Admite-se, contudo, que em casos justificados se receba o recurso com base em fundamentos previstos no artigo 73.º Lei-Quadro das Contra-Ordenações (LQC), aplicável ex vi da alínea b) do artigo 3.º do RGIT, designadamente quando tal se afigure manifestamente necessário à melhoria da aplicação do direito ou à promoção da uniformidade da jurisprudência (cfr. o n.º 2 do artigo 73.º da LQC).

O Ministério Público invoca esta disposição legal e alega, como fundamento da admissibilidade do recurso, que a solução jurídica encontrada pela decisão recorrida é «comprovadamente duvidosa» pelo que a aceitação do recurso é manifestamente necessária para a melhoria da aplicação do direito.
Afigura-se-nos, porém, que, no caso subjudice não se verificam os referidos pressupostos do artº 73º, nº 2 da LQC, pelo que o presente recurso não preenche os requisitos legais para ser submetido à apreciação deste Supremo Tribunal Administrativo.
É certo que, apesar de o art. 73.º, n.º 2, do RGCO se referir apenas a sentença, se tem vindo a entender que se a decisão recorrida tiver sido proferida por despacho, ao abrigo da faculdade concedida pelo art. 64.º, n.º 2, do RGCO, aplicável ex vi da alínea b) do art. 3.º do RGIT, não há razão para não estender a admissibilidade desse recurso aos despachos, pois, como dizem JORGE LOPES DE SOUSA e SIMAS SANTOS ( ), «não existe nenhuma diferença de natureza entre as duas decisões», sendo que «a alternativa da decisão por despacho ou sentença não radica na complexidade das questões a decidir pelo que aquele n.º 2 do dito art. 73.º se deve aplicar indiferentemente a ambas as decisões».
Porém, cumpre ter presente que a decisão recorrida não é uma sentença nem sequer um despacho proferido ao abrigo do n.º 2 do art. 64.º do RGCO; é, isso sim, um despacho proferido após o trânsito em julgado da decisão judicial do recurso da decisão administrativa que aplicou uma coima, despacho que se refere, exclusivamente, à devolução da taxa de justiça, paga nos termos do art. 8.º, n.ºs 7 e 8, do RCP.
Ora, como se sublinhou no recente acórdão deste Supremo Tribunal Administrativo de 21.02.2018, proferido no recurso 139/16, um despacho como o recorrido, que se refere, exclusivamente, à devolução da taxa de justiça, paga nos termos do art. 8.º, n.ºs 7 e 8, do RCP, não pode ser qualificado como sentença nem como despacho judicial proferido nos termos do art. 64.º do RGCO, motivo por que não cabe na previsão do n.º 2 do art. 73.º do RGCO, onde apenas podem subsumir-se decisões judiciais que se reconduzam a uma daquelas categorias e, por isso, integrem decisões finais que conheçam do recurso judicial interposto da decisão administrativa de aplicação da coima (Neste sentido se pronunciaram também, os seguintes acórdãos
- da Relação do Porto, de 6 de Maio de 2009, proferido no processo n.º JTRP00042541;
- da Relação de Évora, de 28 de Setembro de 2009, proferido no processo n.º 226/08.9TBMRA-A.E1
Ainda no mesmo sentido, os despachos do Presidente da Relação de Lisboa de 22 de Abril de 2003, proferido no processo n.º 14/03-5, do Vice-Presidente da mesma Relação, de 22 de Fevereiro de 2007, proferido no processo n.º 1754/07.).
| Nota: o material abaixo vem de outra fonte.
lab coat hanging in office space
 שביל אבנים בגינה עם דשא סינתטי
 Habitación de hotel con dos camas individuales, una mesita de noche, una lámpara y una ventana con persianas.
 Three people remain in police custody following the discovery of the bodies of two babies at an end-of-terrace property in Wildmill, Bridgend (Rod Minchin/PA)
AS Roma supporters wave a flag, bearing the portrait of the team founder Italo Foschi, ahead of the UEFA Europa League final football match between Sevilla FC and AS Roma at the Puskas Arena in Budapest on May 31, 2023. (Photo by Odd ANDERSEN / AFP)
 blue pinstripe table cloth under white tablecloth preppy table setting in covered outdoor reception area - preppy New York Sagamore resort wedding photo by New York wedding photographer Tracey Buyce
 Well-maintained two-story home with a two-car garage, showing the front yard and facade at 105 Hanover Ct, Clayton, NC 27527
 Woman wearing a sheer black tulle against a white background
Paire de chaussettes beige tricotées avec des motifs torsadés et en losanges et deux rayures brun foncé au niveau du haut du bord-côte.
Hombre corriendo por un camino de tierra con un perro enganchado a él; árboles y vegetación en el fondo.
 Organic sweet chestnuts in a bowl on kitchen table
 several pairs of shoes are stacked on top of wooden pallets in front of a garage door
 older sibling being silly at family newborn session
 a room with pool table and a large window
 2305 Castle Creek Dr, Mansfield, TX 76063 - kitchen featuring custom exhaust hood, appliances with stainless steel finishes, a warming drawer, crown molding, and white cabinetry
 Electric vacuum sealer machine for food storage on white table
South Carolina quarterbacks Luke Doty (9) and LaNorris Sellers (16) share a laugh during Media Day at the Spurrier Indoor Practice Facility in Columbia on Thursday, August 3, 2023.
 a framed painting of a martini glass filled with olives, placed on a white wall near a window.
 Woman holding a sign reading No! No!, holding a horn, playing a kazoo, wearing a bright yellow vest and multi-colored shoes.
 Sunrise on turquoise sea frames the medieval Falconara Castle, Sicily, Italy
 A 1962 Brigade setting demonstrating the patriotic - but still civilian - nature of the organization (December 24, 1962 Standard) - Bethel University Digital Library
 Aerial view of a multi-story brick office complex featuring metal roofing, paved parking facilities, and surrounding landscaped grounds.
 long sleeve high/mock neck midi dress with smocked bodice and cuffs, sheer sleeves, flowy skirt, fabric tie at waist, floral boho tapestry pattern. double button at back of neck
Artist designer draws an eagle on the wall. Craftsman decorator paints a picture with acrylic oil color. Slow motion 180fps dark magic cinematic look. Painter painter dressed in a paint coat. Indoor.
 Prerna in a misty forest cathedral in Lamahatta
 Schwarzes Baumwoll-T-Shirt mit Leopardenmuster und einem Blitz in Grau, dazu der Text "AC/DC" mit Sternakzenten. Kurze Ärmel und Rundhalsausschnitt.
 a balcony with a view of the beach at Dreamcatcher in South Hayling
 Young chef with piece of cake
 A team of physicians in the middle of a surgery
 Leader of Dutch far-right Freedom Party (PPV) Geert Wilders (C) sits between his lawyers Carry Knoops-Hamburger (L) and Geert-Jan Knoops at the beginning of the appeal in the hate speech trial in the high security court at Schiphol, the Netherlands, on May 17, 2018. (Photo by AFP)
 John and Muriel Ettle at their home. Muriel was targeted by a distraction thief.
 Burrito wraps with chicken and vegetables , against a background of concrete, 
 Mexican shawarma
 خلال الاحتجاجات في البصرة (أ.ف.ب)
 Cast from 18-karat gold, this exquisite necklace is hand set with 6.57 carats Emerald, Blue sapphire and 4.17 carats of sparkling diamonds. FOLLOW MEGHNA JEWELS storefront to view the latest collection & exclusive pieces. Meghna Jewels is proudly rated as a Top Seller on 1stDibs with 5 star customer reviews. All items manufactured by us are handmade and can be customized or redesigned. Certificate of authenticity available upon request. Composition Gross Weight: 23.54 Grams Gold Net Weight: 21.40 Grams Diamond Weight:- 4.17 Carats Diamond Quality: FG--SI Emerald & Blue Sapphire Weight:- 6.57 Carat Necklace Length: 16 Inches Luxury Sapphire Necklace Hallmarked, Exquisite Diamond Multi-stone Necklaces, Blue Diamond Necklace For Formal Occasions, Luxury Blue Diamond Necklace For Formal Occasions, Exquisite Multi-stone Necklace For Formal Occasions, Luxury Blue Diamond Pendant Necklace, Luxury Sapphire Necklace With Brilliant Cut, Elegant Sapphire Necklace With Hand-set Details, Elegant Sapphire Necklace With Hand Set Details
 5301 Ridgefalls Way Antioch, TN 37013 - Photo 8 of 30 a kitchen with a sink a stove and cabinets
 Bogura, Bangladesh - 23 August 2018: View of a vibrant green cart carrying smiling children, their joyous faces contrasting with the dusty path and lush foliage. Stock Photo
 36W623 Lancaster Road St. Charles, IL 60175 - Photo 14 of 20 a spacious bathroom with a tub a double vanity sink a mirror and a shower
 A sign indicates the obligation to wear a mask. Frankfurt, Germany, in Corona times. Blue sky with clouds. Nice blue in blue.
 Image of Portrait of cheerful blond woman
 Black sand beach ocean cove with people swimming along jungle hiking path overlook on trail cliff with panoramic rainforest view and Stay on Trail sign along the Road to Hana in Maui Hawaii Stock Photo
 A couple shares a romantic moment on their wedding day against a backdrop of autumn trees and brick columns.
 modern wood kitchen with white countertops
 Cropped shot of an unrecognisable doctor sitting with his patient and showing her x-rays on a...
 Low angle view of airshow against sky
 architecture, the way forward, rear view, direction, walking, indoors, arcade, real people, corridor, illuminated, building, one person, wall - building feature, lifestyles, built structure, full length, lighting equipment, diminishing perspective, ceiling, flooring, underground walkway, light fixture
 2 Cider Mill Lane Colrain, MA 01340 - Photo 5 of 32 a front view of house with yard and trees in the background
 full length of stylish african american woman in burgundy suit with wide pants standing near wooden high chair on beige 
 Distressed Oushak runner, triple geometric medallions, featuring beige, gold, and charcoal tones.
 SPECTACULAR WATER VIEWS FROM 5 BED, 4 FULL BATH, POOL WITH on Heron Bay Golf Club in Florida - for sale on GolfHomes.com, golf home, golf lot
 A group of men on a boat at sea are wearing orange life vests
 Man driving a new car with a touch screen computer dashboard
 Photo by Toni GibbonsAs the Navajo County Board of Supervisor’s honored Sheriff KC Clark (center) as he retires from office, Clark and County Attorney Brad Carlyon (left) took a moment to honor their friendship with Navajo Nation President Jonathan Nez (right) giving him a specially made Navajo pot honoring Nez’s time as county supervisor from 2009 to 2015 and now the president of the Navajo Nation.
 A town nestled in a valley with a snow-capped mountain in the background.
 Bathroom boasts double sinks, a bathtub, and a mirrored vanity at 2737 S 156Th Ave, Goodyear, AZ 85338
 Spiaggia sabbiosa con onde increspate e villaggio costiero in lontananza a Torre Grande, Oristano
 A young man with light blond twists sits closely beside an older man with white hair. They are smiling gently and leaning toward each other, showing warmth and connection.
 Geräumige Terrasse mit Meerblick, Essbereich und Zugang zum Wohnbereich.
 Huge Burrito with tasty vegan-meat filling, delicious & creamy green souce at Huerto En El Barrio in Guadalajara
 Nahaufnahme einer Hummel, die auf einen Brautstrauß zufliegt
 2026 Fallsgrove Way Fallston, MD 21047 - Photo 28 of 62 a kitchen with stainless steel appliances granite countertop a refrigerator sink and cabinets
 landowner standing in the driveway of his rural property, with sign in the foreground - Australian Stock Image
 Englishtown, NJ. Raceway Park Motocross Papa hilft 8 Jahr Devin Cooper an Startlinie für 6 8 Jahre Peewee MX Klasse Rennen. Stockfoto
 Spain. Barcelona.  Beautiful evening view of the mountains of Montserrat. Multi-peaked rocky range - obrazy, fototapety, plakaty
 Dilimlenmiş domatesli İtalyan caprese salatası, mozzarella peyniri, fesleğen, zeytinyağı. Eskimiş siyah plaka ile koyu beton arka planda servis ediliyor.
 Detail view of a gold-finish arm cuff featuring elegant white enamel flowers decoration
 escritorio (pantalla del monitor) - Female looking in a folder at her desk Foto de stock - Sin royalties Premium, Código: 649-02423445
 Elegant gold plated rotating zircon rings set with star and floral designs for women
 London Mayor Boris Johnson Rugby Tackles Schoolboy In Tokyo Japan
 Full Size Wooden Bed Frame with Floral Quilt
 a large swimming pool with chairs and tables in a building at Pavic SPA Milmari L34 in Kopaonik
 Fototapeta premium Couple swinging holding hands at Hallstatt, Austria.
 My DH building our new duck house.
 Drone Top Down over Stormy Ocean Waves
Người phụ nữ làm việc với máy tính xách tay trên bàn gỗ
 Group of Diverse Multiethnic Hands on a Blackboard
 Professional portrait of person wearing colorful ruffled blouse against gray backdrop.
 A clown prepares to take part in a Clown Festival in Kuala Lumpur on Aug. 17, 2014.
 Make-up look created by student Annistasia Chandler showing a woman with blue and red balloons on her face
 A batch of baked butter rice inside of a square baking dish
Tal interpretação do n.º 2 do art. 73.º do RGCO, que, subscrevemos, apenas alude a “aceitar o recurso da sentença” e não enferma de inconstitucionalidade alguma, designadamente por violação das garantias de defesa que o art. 32.º, n.º 1, da Constituição da República Portuguesa consagra para o processo penal e que sejam extensíveis ao processo de contra-ordenação, como tem vindo a decidir o Tribunal Constitucional (Vide, os seguintes acórdãos do Tribunal Constitucional: n.º 659/2006, de 28 de Novembro de 2006, proferido no processo n.º 637/2006, n.º 522/2008, de 29 de Outubro de 2008, proferido no processo n.º 253/08, ambos disponíveis em http://www.tribunalconstitucional.pt..).
Daí que se conclua que não é de admitir o recurso, por falta de verificação dos respectivos pressupostos, o que prejudica o conhecimento da questão nele suscitada.

6. Termos em que, face ao exposto, acordam os juízes da Secção de Contencioso Tributário do Supremo Tribunal Administrativo em não admitir o recurso.
Sem custas por delas estar isento o Ministério Público.

Lisboa, 7 de Março de 2018. – Pedro Delgado (relator) – Dulce Neto – Isabel Marques da Silva.